What lines in the material hold the string "Blanket"? Copy out each of them.
DATA PROVIDED: Begin
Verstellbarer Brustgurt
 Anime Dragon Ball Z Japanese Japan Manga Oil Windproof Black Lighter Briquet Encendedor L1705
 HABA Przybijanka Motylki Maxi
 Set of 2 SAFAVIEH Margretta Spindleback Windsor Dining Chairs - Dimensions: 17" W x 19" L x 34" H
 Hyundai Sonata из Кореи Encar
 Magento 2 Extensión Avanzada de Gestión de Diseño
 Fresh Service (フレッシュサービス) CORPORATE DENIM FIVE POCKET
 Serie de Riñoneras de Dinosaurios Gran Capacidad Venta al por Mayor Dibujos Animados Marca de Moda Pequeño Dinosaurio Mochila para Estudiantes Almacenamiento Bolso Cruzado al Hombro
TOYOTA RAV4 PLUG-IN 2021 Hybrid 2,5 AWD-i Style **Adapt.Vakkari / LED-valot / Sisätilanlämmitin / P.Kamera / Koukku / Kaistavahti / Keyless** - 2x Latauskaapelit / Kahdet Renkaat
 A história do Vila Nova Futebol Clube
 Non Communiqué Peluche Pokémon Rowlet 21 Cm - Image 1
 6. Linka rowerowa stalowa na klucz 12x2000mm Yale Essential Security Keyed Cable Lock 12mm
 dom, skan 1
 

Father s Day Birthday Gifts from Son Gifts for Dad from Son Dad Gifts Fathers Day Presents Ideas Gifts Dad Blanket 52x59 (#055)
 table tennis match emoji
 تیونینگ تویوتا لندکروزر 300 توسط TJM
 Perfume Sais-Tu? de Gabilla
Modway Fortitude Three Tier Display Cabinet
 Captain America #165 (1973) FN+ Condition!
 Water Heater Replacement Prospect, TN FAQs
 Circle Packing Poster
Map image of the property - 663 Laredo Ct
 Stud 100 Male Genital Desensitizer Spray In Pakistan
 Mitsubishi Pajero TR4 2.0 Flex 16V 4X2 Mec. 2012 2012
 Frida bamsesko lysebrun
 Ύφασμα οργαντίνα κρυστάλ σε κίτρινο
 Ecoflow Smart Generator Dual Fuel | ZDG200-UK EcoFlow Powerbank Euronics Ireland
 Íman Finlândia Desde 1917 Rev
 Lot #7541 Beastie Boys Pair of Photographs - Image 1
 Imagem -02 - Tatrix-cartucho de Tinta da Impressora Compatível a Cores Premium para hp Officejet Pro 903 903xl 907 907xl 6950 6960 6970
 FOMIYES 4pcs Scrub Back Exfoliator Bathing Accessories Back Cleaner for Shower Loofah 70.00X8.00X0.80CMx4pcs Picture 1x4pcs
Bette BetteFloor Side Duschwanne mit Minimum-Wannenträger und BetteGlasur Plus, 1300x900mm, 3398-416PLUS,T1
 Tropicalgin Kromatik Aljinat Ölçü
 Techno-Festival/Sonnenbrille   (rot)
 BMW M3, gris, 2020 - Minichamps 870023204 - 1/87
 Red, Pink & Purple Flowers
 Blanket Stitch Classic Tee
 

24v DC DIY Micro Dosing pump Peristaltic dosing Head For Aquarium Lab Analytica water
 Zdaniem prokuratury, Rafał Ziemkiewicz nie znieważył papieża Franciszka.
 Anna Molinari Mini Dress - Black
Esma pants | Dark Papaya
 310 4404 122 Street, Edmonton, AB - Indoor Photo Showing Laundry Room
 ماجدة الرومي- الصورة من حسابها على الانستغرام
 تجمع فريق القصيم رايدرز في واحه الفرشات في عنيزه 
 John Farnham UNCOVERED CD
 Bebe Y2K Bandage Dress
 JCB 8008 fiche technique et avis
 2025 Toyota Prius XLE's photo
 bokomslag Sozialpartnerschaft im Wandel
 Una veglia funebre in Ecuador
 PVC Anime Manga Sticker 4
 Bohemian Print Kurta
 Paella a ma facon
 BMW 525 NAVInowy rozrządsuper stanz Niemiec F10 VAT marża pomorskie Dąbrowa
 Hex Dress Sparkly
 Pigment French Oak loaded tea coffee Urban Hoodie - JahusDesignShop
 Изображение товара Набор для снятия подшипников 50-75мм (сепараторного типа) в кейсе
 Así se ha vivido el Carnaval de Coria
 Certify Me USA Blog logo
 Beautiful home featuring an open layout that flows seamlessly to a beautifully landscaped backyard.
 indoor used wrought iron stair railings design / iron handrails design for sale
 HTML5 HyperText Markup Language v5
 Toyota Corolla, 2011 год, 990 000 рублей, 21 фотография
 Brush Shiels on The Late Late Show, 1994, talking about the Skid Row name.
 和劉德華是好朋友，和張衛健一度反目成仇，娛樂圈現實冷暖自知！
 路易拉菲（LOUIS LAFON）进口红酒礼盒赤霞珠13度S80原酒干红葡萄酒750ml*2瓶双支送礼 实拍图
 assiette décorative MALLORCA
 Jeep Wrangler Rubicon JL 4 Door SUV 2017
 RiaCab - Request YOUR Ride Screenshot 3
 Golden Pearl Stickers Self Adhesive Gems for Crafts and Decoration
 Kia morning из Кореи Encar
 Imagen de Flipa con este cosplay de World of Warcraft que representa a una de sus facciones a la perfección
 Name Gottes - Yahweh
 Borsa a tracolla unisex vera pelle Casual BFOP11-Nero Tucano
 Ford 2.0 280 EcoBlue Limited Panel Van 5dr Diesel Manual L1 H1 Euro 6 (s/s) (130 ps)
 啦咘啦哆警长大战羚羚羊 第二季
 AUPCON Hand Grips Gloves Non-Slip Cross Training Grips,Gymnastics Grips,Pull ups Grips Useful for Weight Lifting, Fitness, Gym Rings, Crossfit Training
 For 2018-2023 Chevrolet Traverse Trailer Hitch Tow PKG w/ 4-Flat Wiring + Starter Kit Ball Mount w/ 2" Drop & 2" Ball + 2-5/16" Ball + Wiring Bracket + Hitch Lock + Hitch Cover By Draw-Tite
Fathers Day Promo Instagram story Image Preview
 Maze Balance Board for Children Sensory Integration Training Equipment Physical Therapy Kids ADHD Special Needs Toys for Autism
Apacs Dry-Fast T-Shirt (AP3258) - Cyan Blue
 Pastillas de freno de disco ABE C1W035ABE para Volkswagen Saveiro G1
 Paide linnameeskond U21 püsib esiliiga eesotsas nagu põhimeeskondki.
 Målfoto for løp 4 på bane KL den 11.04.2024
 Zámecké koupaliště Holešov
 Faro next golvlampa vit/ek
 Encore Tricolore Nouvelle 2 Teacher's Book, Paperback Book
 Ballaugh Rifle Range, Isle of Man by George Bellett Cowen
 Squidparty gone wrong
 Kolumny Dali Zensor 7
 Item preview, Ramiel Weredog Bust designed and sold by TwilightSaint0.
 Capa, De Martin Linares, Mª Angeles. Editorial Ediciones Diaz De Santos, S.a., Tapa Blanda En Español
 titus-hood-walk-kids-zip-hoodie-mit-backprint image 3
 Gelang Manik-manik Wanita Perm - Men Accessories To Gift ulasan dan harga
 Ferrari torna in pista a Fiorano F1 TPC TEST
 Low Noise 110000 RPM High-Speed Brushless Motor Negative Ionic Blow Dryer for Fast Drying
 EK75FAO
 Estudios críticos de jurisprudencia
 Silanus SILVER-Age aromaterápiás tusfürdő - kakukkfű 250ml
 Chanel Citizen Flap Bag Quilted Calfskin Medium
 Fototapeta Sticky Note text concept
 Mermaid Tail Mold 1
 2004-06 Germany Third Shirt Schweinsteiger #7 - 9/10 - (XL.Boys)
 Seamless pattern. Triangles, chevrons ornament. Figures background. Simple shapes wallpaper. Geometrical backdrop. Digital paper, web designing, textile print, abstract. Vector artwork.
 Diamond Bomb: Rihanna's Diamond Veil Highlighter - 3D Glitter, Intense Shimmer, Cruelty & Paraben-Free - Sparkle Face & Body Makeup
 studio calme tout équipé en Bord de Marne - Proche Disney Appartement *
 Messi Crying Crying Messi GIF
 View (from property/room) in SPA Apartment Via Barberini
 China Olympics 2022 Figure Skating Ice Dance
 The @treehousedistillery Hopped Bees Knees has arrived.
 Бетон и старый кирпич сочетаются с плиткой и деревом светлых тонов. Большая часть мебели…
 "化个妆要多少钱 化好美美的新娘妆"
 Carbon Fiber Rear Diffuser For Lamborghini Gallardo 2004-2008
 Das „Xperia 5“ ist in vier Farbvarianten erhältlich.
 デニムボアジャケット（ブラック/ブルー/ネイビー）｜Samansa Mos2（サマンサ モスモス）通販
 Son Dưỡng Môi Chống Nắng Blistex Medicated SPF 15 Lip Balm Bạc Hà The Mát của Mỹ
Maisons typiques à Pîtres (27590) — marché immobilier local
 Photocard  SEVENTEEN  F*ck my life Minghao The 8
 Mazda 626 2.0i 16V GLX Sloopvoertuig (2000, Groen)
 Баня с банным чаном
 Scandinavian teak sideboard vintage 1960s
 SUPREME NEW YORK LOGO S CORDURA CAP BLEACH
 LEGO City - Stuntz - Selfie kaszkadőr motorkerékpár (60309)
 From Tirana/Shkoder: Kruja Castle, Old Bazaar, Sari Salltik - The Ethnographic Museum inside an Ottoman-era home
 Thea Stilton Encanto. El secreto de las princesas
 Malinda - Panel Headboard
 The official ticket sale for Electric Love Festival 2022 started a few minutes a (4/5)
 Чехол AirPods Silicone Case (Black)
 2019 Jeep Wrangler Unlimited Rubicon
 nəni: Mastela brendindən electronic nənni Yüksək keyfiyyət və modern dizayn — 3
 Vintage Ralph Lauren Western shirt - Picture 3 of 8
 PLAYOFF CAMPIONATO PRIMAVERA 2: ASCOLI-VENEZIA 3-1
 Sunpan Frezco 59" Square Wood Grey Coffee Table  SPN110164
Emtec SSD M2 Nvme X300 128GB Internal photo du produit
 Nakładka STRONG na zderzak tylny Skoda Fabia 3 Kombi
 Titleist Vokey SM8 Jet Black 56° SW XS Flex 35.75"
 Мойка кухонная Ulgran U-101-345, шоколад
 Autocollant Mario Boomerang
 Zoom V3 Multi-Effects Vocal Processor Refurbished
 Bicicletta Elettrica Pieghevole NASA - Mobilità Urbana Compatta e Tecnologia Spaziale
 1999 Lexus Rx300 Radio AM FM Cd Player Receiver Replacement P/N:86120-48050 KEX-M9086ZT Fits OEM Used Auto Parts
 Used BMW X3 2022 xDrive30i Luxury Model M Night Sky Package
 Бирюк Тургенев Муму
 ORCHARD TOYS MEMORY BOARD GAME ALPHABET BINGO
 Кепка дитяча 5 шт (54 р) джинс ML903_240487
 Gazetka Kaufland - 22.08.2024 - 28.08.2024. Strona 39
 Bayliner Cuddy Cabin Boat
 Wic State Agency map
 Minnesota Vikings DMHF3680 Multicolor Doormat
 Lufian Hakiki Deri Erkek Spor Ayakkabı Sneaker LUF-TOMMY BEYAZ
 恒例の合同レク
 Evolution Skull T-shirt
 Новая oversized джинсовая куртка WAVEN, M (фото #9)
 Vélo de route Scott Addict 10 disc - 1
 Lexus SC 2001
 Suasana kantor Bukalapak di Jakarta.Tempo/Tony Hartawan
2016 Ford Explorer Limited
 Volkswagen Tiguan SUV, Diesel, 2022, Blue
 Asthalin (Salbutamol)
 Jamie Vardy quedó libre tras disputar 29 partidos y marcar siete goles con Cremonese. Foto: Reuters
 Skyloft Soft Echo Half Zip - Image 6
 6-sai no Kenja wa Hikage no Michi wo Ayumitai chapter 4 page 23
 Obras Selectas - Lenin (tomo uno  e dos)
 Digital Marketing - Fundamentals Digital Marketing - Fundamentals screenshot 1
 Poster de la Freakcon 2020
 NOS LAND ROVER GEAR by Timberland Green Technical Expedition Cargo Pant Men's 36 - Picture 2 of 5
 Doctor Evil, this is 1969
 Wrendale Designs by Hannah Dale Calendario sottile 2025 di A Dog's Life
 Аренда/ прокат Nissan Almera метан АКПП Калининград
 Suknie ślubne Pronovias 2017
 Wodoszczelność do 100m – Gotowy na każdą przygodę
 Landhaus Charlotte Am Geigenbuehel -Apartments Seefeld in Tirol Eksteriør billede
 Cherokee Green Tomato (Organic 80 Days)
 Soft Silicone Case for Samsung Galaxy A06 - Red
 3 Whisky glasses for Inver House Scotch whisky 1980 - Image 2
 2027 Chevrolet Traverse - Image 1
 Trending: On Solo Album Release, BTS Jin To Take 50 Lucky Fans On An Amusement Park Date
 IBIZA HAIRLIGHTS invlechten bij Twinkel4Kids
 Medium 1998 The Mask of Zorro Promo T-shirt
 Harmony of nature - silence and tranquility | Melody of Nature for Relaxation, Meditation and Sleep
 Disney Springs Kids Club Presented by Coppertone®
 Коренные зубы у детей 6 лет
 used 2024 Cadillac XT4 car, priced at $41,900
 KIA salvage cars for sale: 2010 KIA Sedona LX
DATA PROVIDED: End
_ANSWER TO THIS PROBLEM_
Father s Day Birthday Gifts from Son Gifts for Dad from Son Dad Gifts Fathers Day Presents Ideas Gifts Dad Blanket 52x59 (#055)
 Blanket Stitch Classic Tee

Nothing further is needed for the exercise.